(Extracted data entries)
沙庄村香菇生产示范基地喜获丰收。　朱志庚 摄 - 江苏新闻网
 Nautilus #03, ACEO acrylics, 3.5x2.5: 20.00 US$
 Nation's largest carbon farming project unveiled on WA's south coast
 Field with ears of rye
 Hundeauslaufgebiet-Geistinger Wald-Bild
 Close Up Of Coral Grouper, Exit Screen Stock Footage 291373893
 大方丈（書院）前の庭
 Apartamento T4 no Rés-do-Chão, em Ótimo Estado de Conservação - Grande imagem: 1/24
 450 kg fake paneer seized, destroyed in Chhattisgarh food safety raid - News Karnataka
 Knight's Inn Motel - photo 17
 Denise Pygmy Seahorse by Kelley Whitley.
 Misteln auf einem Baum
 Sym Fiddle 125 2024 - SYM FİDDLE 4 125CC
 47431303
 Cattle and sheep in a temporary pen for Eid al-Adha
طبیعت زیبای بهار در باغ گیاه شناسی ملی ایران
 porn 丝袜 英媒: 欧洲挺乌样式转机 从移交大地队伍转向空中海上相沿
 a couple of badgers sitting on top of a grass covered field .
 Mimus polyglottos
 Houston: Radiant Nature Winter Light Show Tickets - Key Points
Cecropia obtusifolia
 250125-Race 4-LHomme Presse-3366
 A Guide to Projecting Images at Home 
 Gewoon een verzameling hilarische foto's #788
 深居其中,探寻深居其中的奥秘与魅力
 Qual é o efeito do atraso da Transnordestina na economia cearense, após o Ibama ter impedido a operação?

Exercise description
Each line from the one containing "porn 丝袜 英媒: 欧洲挺乌样式转机 从移交大地队伍转向空中海上相沿" through the final line of the records must be repeated exactly, with no line added or dropped.

Your solution
 porn 丝袜 英媒: 欧洲挺乌样式转机 从移交大地队伍转向空中海上相沿
 a couple of badgers sitting on top of a grass covered field .
 Mimus polyglottos
 Houston: Radiant Nature Winter Light Show Tickets - Key Points
Cecropia obtusifolia
 250125-Race 4-LHomme Presse-3366
 A Guide to Projecting Images at Home 
 Gewoon een verzameling hilarische foto's #788
 深居其中,探寻深居其中的奥秘与魅力
 Qual é o efeito do atraso da Transnordestina na economia cearense, após o Ibama ter impedido a operação?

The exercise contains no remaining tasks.